WHAT YOU ARE ASKED TO DO => Which lines run from the line with "グッチ GUCCI 財布" through the line with "Пълен Комплект Бежови" in the entries below? Print them exactly, both ends included, and nothing more.

EXCERPTED RECORDS =>
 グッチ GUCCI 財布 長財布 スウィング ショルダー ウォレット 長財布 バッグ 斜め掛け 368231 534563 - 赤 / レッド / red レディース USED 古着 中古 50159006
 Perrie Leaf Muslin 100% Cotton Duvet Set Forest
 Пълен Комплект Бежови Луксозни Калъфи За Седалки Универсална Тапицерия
---
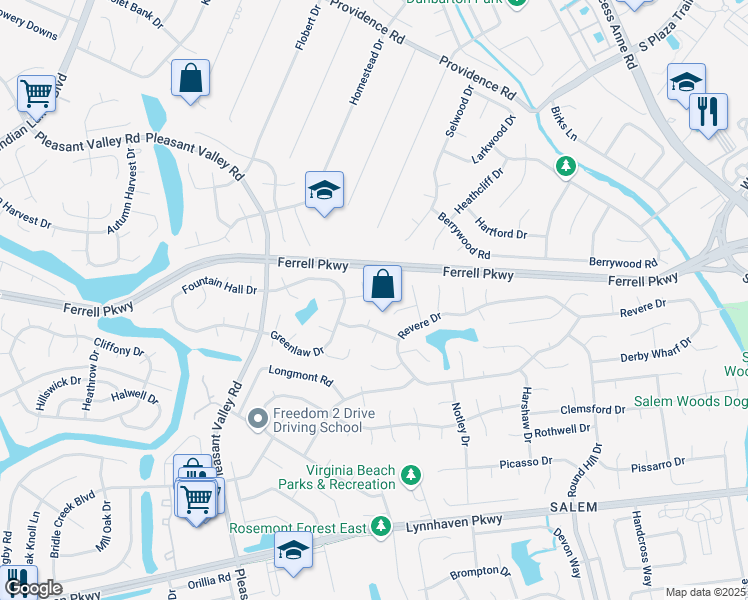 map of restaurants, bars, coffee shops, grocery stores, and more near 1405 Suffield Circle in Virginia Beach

PROBLEM SOLUTION =>
 グッチ GUCCI 財布 長財布 スウィング ショルダー ウォレット 長財布 バッグ 斜め掛け 368231 534563 - 赤 / レッド / red レディース USED 古着 中古 50159006
 Perrie Leaf Muslin 100% Cotton Duvet Set Forest
 Пълен Комплект Бежови Луксозни Калъфи За Седалки Универсална Тапицерия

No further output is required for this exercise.